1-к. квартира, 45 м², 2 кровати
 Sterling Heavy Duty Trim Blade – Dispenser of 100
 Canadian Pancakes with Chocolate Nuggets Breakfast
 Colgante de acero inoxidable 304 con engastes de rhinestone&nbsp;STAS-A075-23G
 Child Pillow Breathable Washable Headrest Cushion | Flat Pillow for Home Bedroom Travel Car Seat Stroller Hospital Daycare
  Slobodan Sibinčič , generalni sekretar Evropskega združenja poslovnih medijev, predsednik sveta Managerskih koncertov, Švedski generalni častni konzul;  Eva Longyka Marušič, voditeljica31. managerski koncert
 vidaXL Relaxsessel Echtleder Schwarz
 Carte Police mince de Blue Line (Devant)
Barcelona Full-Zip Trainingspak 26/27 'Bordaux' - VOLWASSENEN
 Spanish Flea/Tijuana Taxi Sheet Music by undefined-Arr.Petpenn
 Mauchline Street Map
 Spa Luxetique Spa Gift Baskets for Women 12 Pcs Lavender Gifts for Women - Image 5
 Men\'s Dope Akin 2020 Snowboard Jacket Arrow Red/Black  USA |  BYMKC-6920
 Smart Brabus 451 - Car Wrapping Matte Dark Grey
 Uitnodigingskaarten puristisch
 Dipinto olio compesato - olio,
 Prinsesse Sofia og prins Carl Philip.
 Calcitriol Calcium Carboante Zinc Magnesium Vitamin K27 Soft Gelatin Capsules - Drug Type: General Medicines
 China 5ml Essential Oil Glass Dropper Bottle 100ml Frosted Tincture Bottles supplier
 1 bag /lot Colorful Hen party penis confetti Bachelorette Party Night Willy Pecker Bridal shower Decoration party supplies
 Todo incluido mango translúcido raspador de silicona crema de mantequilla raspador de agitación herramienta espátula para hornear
══════════════════════════════
- [Work item]: In full and word for word, set down the records shown above.

- [Task response]:
1-к. квартира, 45 м², 2 кровати
 Sterling Heavy Duty Trim Blade – Dispenser of 100
 Canadian Pancakes with Chocolate Nuggets Breakfast
 Colgante de acero inoxidable 304 con engastes de rhinestone&nbsp;STAS-A075-23G
 Child Pillow Breathable Washable Headrest Cushion | Flat Pillow for Home Bedroom Travel Car Seat Stroller Hospital Daycare
  Slobodan Sibinčič , generalni sekretar Evropskega združenja poslovnih medijev, predsednik sveta Managerskih koncertov, Švedski generalni častni konzul;  Eva Longyka Marušič, voditeljica31. managerski koncert
 vidaXL Relaxsessel Echtleder Schwarz
 Carte Police mince de Blue Line (Devant)
Barcelona Full-Zip Trainingspak 26/27 'Bordaux' - VOLWASSENEN
 Spanish Flea/Tijuana Taxi Sheet Music by undefined-Arr.Petpenn
 Mauchline Street Map
 Spa Luxetique Spa Gift Baskets for Women 12 Pcs Lavender Gifts for Women - Image 5
 Men\'s Dope Akin 2020 Snowboard Jacket Arrow Red/Black  USA |  BYMKC-6920
 Smart Brabus 451 - Car Wrapping Matte Dark Grey
 Uitnodigingskaarten puristisch
 Dipinto olio compesato - olio,
 Prinsesse Sofia og prins Carl Philip.
 Calcitriol Calcium Carboante Zinc Magnesium Vitamin K27 Soft Gelatin Capsules - Drug Type: General Medicines
 China 5ml Essential Oil Glass Dropper Bottle 100ml Frosted Tincture Bottles supplier
 1 bag /lot Colorful Hen party penis confetti Bachelorette Party Night Willy Pecker Bridal shower Decoration party supplies
 Todo incluido mango translúcido raspador de silicona crema de mantequilla raspador de agitación herramienta espátula para hornear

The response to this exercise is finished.